• WHAT YOU SHOULD DO: Write out, precisely and in full, each line of the material.

• DATASET CONTENT:
________

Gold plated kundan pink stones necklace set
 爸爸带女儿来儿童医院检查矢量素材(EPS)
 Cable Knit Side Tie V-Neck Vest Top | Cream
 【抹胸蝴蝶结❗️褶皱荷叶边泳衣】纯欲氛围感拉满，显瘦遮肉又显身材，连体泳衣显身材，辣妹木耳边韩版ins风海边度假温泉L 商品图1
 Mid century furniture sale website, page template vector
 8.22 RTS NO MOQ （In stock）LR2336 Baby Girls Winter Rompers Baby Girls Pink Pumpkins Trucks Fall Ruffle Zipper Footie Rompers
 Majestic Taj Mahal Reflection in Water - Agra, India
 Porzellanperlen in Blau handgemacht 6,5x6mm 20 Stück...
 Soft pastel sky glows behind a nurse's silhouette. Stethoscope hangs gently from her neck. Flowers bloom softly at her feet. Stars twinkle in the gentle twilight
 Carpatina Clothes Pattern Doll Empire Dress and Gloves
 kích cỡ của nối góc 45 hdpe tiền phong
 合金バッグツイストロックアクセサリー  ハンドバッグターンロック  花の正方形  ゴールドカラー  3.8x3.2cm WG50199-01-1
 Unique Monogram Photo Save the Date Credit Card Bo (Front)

________

• EXERCISE ANSWER:
Gold plated kundan pink stones necklace set
 爸爸带女儿来儿童医院检查矢量素材(EPS)
 Cable Knit Side Tie V-Neck Vest Top | Cream
 【抹胸蝴蝶结❗️褶皱荷叶边泳衣】纯欲氛围感拉满，显瘦遮肉又显身材，连体泳衣显身材，辣妹木耳边韩版ins风海边度假温泉L 商品图1
 Mid century furniture sale website, page template vector
 8.22 RTS NO MOQ （In stock）LR2336 Baby Girls Winter Rompers Baby Girls Pink Pumpkins Trucks Fall Ruffle Zipper Footie Rompers
 Majestic Taj Mahal Reflection in Water - Agra, India
 Porzellanperlen in Blau handgemacht 6,5x6mm 20 Stück...
 Soft pastel sky glows behind a nurse's silhouette. Stethoscope hangs gently from her neck. Flowers bloom softly at her feet. Stars twinkle in the gentle twilight
 Carpatina Clothes Pattern Doll Empire Dress and Gloves
 kích cỡ của nối góc 45 hdpe tiền phong
 合金バッグツイストロックアクセサリー  ハンドバッグターンロック  花の正方形  ゴールドカラー  3.8x3.2cm WG50199-01-1
 Unique Monogram Photo Save the Date Credit Card Bo (Front)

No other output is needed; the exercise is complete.